Factor booleans: ResourceEdX, ResourceCoursera, ResourceFCC, ResourceKhanAcademy, ResourcePluralSight, ResourceCodeacademy, ResourceUdacity, ResourceUdemy, ResourceCodeWars, ResourceOdinProj, ResourceDevTips,

And why ExpectedEarning, HoursLearning, MonthsProgramming are integer, while BootcampPostSalary, MoneyForLearning, BootcampMonthsAgo are numeric?

Other bugs I'll comment as usually on the code later on today, but the data is already looking pretty clean and shiny :)

erictleung commented 8 years ago

@SamAI-Software they are different because of how they are inherently read into R (I'm assuming you're using R to read them in).

I still need to do a pass over all of the variables and force a certain data type. I'll have to double check the integer and numeric values. I think it has to do with some values being 0.0 or something with a decimal point.

evaristoc commented 8 years ago

@SamAI-Software which were your conventions for HoursLearning at #40?

Not sure if added to the datasets, @erictleung?

summary(as.factor(part1$HoursLearning))

Give some good but also weird values (a few though): one 2 0.2 1 0.5 1 .1 1 100000000000000 1 100 hours per week 1 10-15 1 12321231231232123123123123123123123 1 14 hours 1 15-20 1 2-20 1 .25 1 2.5 1 300000000000000000000 1 3-4 1 40-50 1 4-6 1 5-7 1 5-8 1 6-8 1 (Other) 11 NA 788 #

Just looking at the datasets I didn't find any changes...

evaristoc commented 8 years ago

@erictleung @SamAI-Software

we need some convention for CommuteTime. Several people decided to give time in minutes instead of hours (!!!).

evaristoc commented 8 years ago

@erictleung :

Age: two records over 100 in part2

SamAI-Software commented 8 years ago

@evaristoc are you sure that you take data here?

str(as.factor(data.Learn$HoursLearning)) summary(as.factor(data.Learn$HoursLearning))

I have no problems, 73 levels from 0 to 100

which were your conventions for HoursLearning at #40?

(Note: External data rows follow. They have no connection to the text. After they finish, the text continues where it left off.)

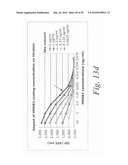 MONITORING AND INHIBITING HUMAN IMMUNODEFICIENCY VIRUS INFECTION BY MODULATING HMGB1 DEPENDENT TRIGGERING OF HIV-1 REPLICATION AND PERSISTENCE diagram and image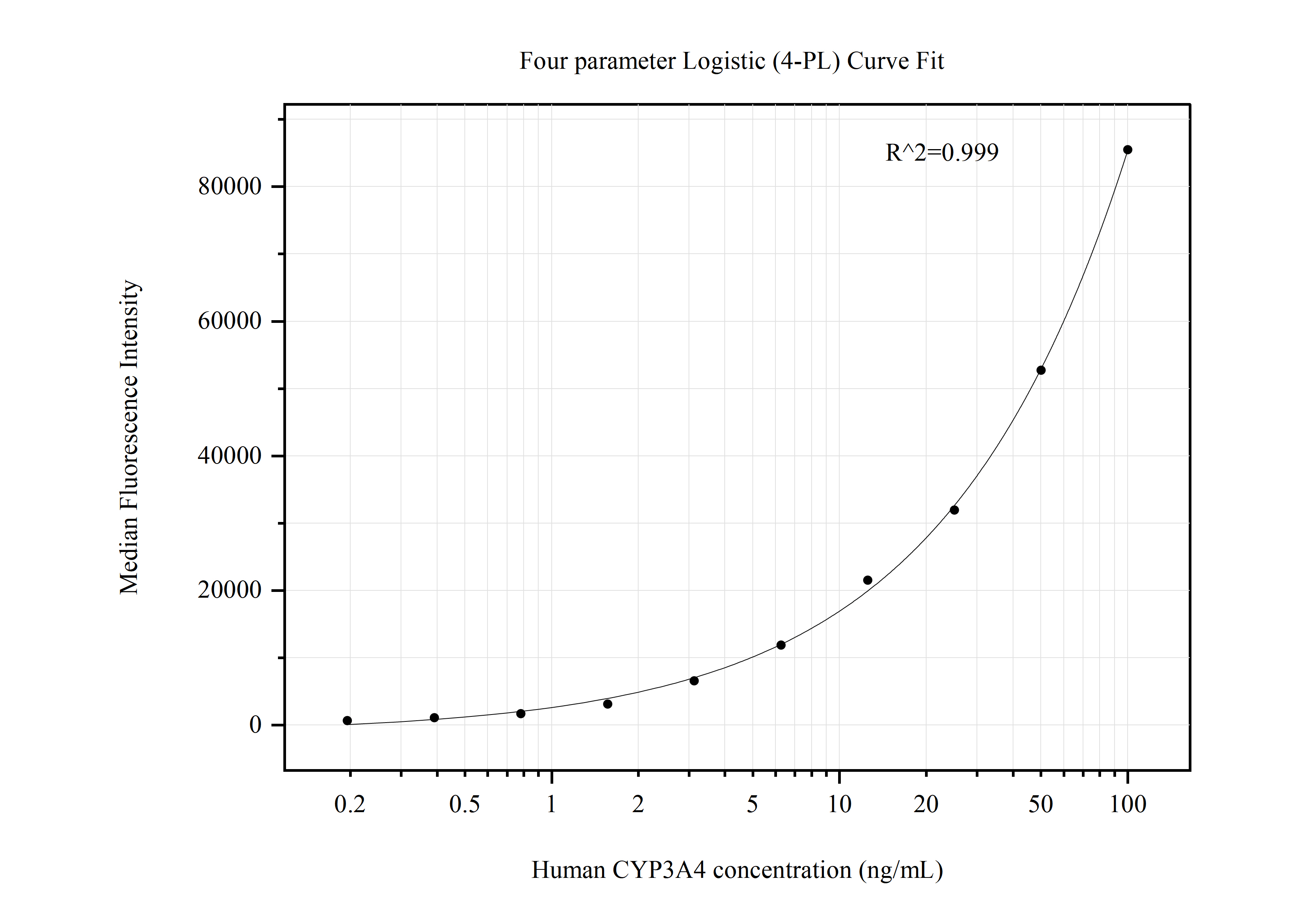 Cytometric bead array standard curve of MP50718-2, CYP3A4 Monoclonal Matched Antibody Pair, PBS Only. Capture antibody: 67110-2-PBS. Detection antibody: 67110-4-PBS. Standard:Ag13074. Range: 0.195-100 ng/mL.  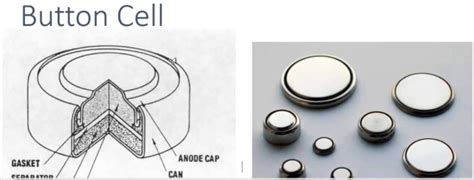 Types of Battery Cells-Button Cell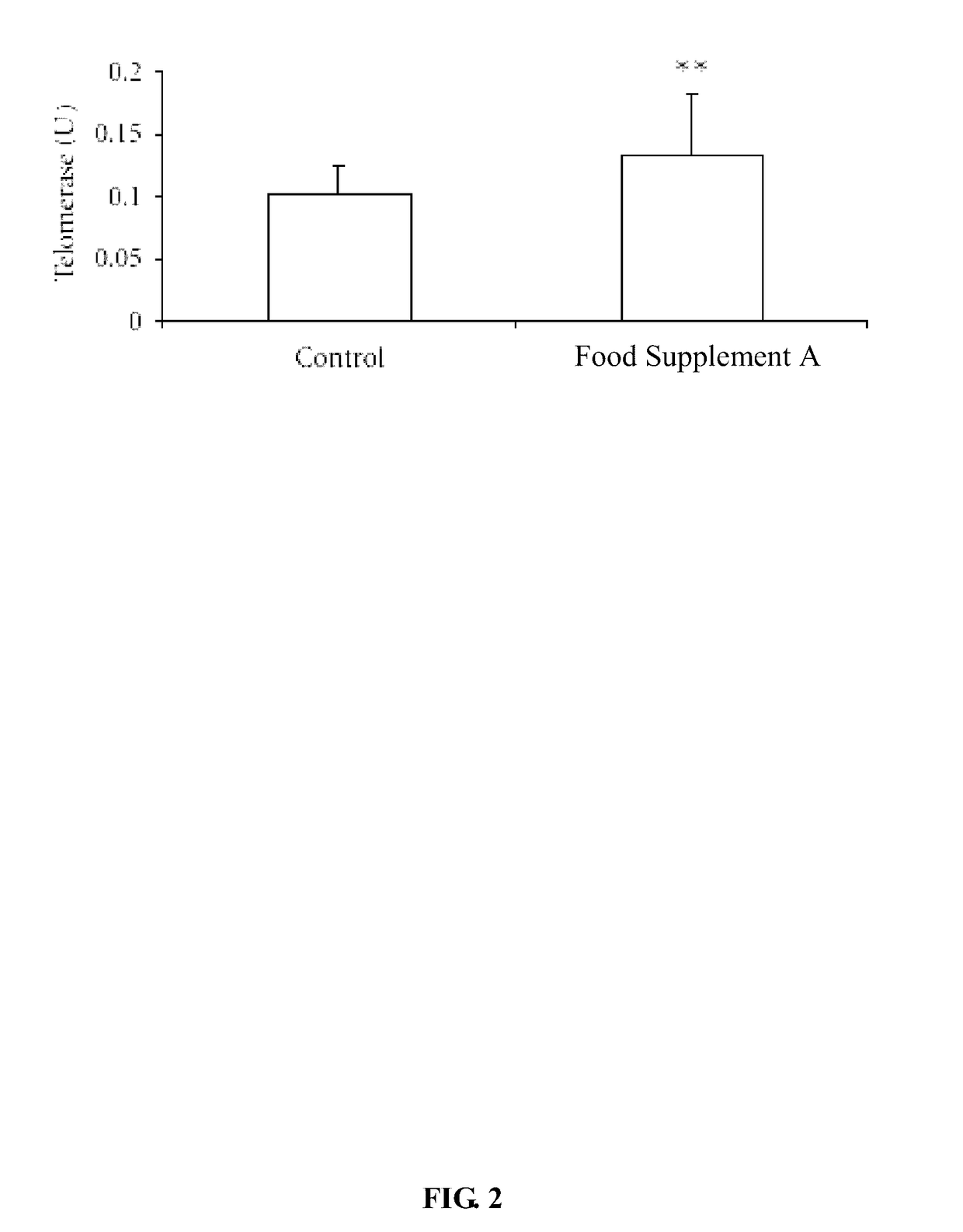 Food supplement increase cd34+ stem cells and telomerase activity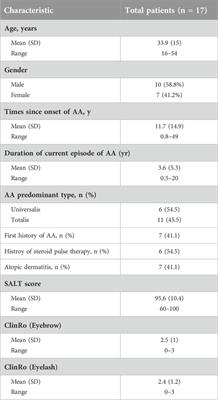 Real-life effectiveness and safety of baricitinib in 17 Japanese patients with alopecia areata: a 60-week single center study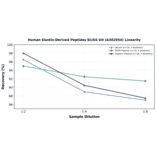 Linearity - Human Elastin-Derived Peptides ELISA Kit (A302954) - Antibodies.com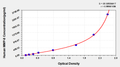 Human Matrix metalloproteinase 8/Neutrophil collagenase,MMP-8 ELISA kit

## Remove the word "hour(s)" ## Remove hyphen and "to" for ranges of hours ## Remove hours greater than 100 hours And of course round decimal numbers

we need some convention for CommuteTime. Several people decided to give time in minutes instead of hours (!!!).

Yes, you are absolutely right, we need many conventions for the second dataset, feel free to find all weird answers and suggest your solutions, because today I'll be focused on #41 and on first dataset, there are still bugs to be fixed.

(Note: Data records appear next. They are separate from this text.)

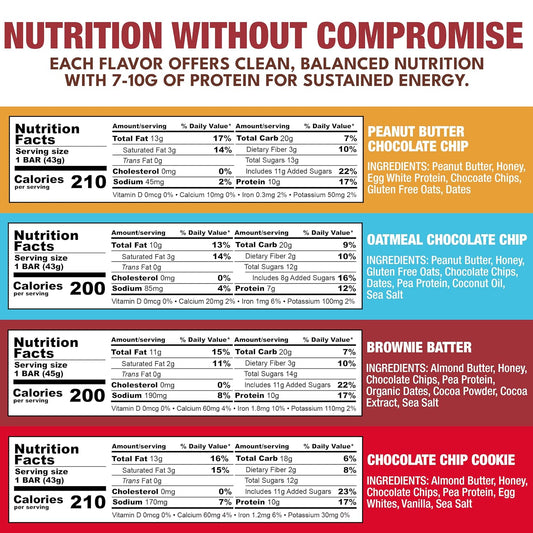 KiZE Energy Bars - Best Sellers Variety Pack - 30-Count -Gluten Free, Dairy Free Options, Non-GMO, and High Protein Meal Replacement Energy Bars, Clean and Simple Food Ingredients - 7-10g High Protein Snacks (30 Count)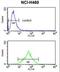 Formyl Peptide Receptor 3 antibody, LS-C166249, Lifespan Biosciences, Flow Cytometry image 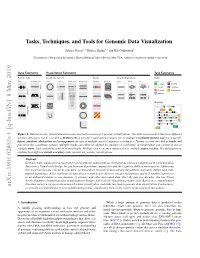 Tasks, Techniques, and Tools for Genomic Data Visualization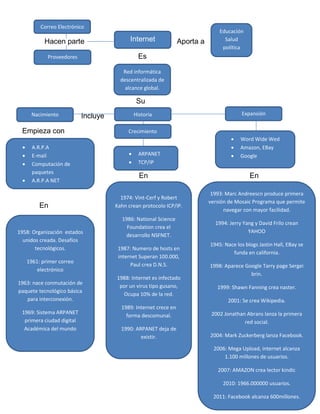 Hacen parte Aporta a
Es
Su
Incluye
Empieza con
En En
En
Internet
Educación
Salud
política
Red informática
descentralizada de
alcance global.
ExpansiónNacimiento Historia
Crecimiento
ARPANET
TCP/IP
A.R.P.A
E-mail
Computación de
paquetes
A.R.P.A NET
Word Wide Wed
Amazon, EBay
Google
1958: Organización estados
unidos creada. Desafíos
tecnológicos.
1961: primer correo
electrónico
1963: nace conmutación de
paquete tecnológico básica
para interconexión.
1969: Sistema ARPANET
primera ciudad digital
Académica del mundo
1974: Vint-Cerf y Robert
Kahn crean protocolo ICP/IP.
1986: National Science
Foundation crea el
desarrollo NSFNET.
1987: Numero de hosts en
internet Superan 100.000,
Paul crea D.N.S.
1988: Internet es infectado
por un virus tipo gusano,
Ocupa 10% de la red.
1989: Internet crece en
forma descomunal.
1990: ARPANET deja de
existir.
1993: Marc Andreescn produce primera
versión de Mosaic Programa que permite
navegar con mayor facilidad.
1994: Jerry Yang y David Frilo crean
YAHOO
1945: Nace los blogs Jastin Hall, EBay se
funda en california.
1998: Aparece Google Tarry page Sergei
brin.
1999: Shawn Fanning crea naster.
2001: Se crea Wikipedia.
2002 Jonathan Abrans lanza la primera
red social.
2004: Mark Zuckerberg lanza Facebook.
2006: Mega Upload, internet alcanza
1.100 millones de usuarios.
2007: AMAZON crea lector kindic
2010: 1966.000000 usuarios.
2011: Facebook alcanza 600millones.
Correo Electrónico
Proveedores
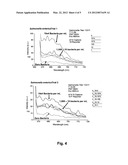 Methods and compositions of nucleic acid ligands for detection of     foodborne and waterborne pathogens diagram and image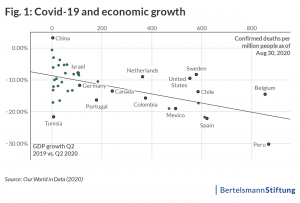 economic impact of coronavirus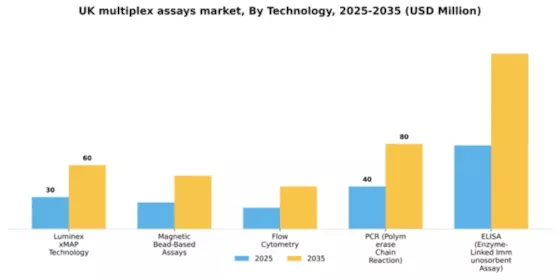 UK Multiplex Assays Market Segment Image 3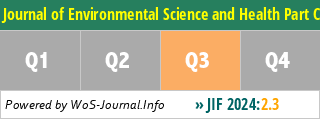 Journal of Environmental Science and Health Part C-Toxicology and Carcinogenesis - WoS Journal Info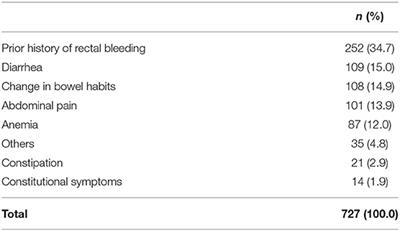 Frontiers Reducing The Cut Off Value Of The Fecal Immunochemical Test For Symptomatic Patients Does Not Improve Diagnostic Performance Medicine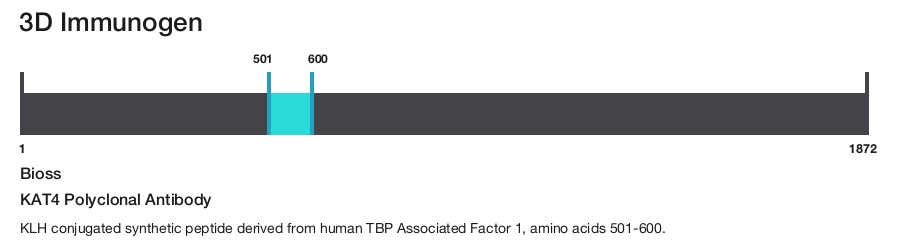 KAT4 Polyclonal Antibody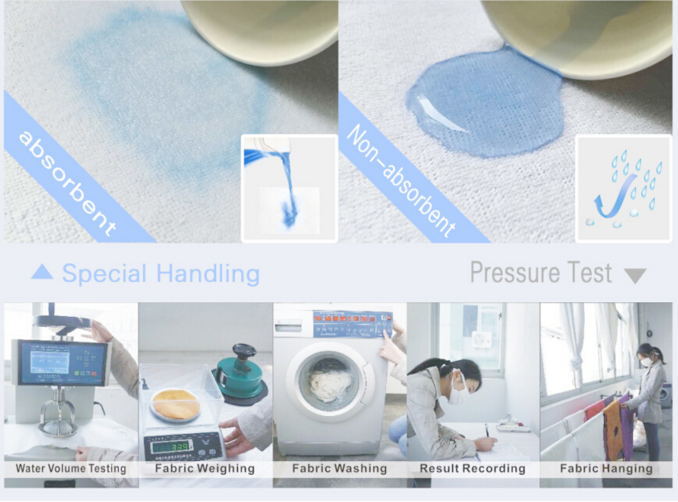Waterproof Antibacterial Mattress Protector Bamboo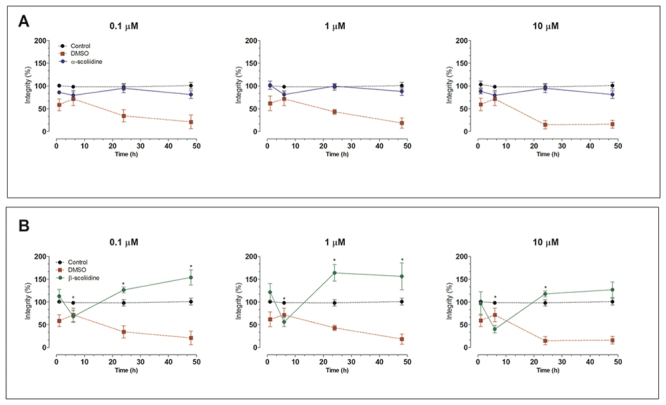 Novel neuroprotective peptides in the venom of the solitary scoliid wasp <i>Scolia decorata ventralis</i>.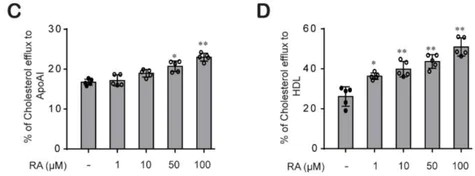 abcam Cholesterol Efflux Assay Kit (Cell-based)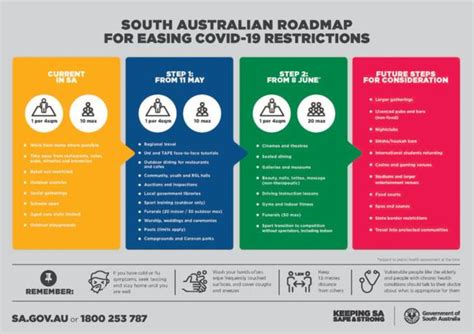 The following restrictions remain in place for wa. Coronavirus Australia: SA to move to stage two of COVID-19 ...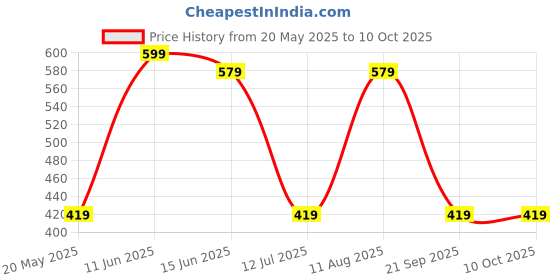 amazon.in conscious chemist Conscious Chemist® Self Dissolving Microneedle Acne Patches (Pack of 8 Patches) | Painless & Effective Pimple Patches with 2% Salicylic Acid, Azelaic Acid & Niacinamide | Kills Bacteria, Reduces Redness, Scarring & Excess Sebum | Visible Results in 6 Hours conscious chemist Price History Graph from 20 May 2025 to 10 Oct 2025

SamAI-Software commented 8 years ago

@erictleung can you, please, upload here the second "clean" dataset with new variable (column) names? Even though it's still "dirty", but it's better, so people can use new names to start creating their visualizations.

As I can see you already made a merge function :+1: So may be just merge 2 datasets together and upload it? Anyway the first past is not totally clean yet.

evaristoc commented 8 years ago

@SamAI-Software @erictleung

About my differences for Age and HoursLearning variables:

I am running what I think is the last clean-data.R on original files (before the last update by Quincy) locally.

I checked data of the part2 file separately.

Should I join both files and then check those values? Maybe use the last raw data update instead? (in theory should be the same for both...)

SamAI-Software commented 8 years ago

@evaristoc oh, I see! It didn't work for me either, but @erictleung said that it's okey, because script is not ready yet and he runs it line-by-line (function-by-function), so I just always grab latest clean data here.

evaristoc commented 8 years ago

@SamAI-Software Is it not that file the Part1 of the survey only? I was checking Part2...

evaristoc commented 8 years ago

@erictleung @SamAI-Software :

Working on my proposal for naming conventions of the many resources provided by respondents through the "Other" question:

Podcast: https://github.com/evaristoc/2016-new-coder-survey/blob/clean-and-combine-data/clean-data/factors_PodcastOtherDrafted.csv

-->> Ordered by PodcastOther column.

This is going to be kept fuzzy so please check and make observations but try not to be too rigorous.

One important thing to check should be that the user should be able to "easily" couple this info with the main file when applicable, so please let's agree on data format conventions?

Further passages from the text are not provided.